During the summer months, Museo Picasso Málaga will be hosting the exhibition Bruce Nauman. Rooms, Bodies, Words. Bruce Nauman (Fort Wayne, Indiana, 1941) has spent more than 50 years inventing ways to convey both the moral hazards and the excitement of being alive. Employing a huge range of materials and working methods, he reveals how the mutable experiences of time, space, movement and language provide an unstable foundation for understanding our place in the world.

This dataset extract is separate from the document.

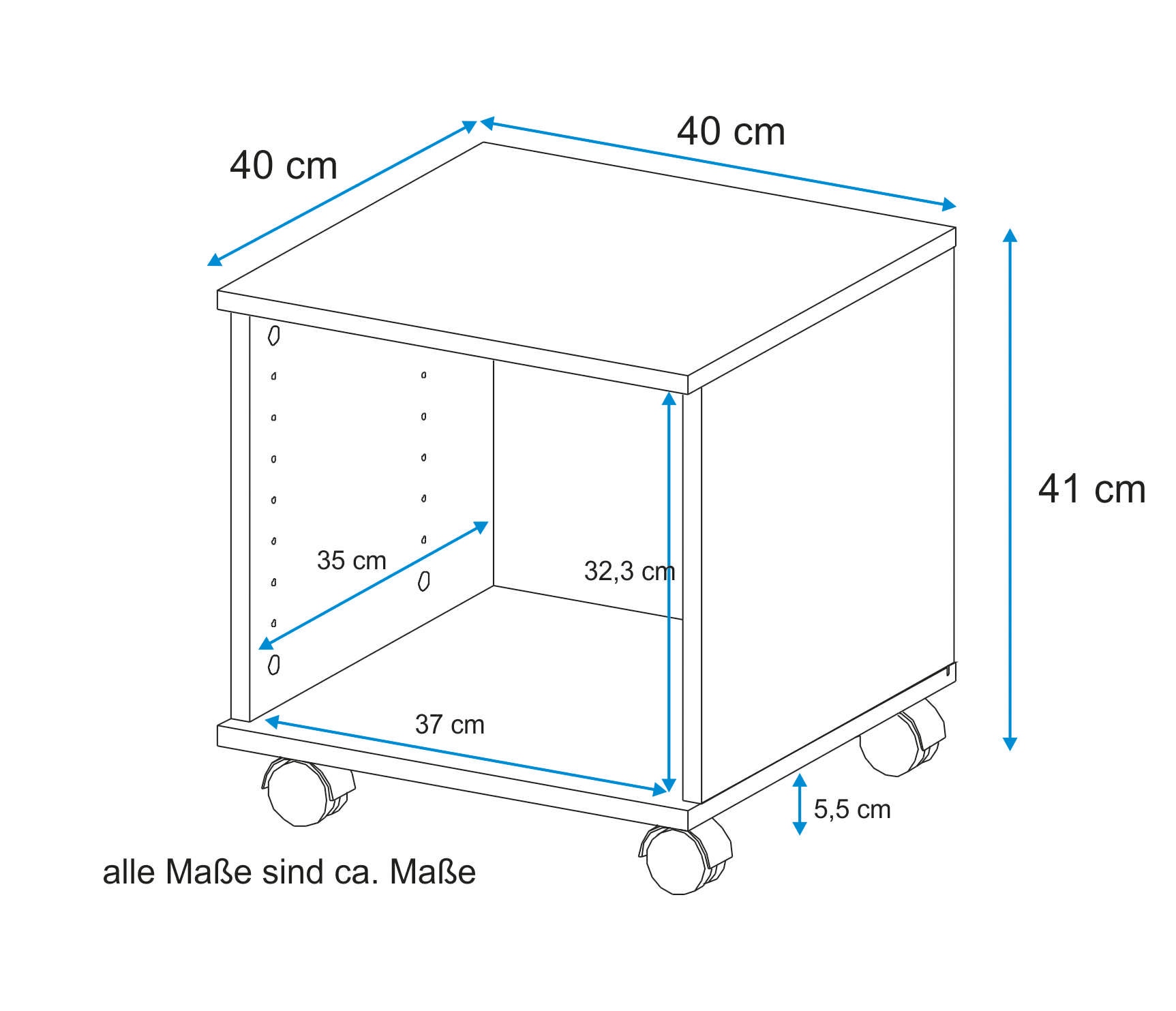 VOGL Möbelfabrik Rollcontainer »1191, Bürocontainer, Nachtschrank«, (1 St.), Ausführungen mit/ohne Schubladen, Höhe 41 cm, Made in Germany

For Nauman, both making and looking at art involves “doing things that you don’t particularly want to do, putting yourself in unfamiliar situations, following resistances to find out why you’re resisting.” His work compels the viewer to abandon the safety of the familiar, keeping us alert, ever vigilant, and wary of being seduced by easy answers. Research is essential to Bruce Nauman. It is present as part of his creative process.
The diverse elements that make up Nauman’s work, and whose origins lie in such apparently dissimilar and hermetic areas as philosophy, conjuring and choreography, involve gaining or attempting to gain control over the viewer’s experience of an event, action or situation. The artist proposes actions that elicit emotional and physical responses and perceptive psychological suggestions from the viewer and, in many cases, they involve the creation of a cacophony of sound and images. With this selection of corridors, neon lights, sculptures, installations, audiovisual works, architectural structures, performances and works on paper, the exhibition at Museo Picasso Málaga aims to illustrate the thinking and ethical views of Bruce Nauman. His irony and incisiveness are apparent in his plays-on-words and in the relationships that are established between viewer, space and artwork.
Jointly curated by Prof. Eugen Blume, from Germany, and the artistic director of Museo Picasso Málaga, José Lebrero Stals, this is the first large-format exhibition of Nauman’s work in Spain for 25 years.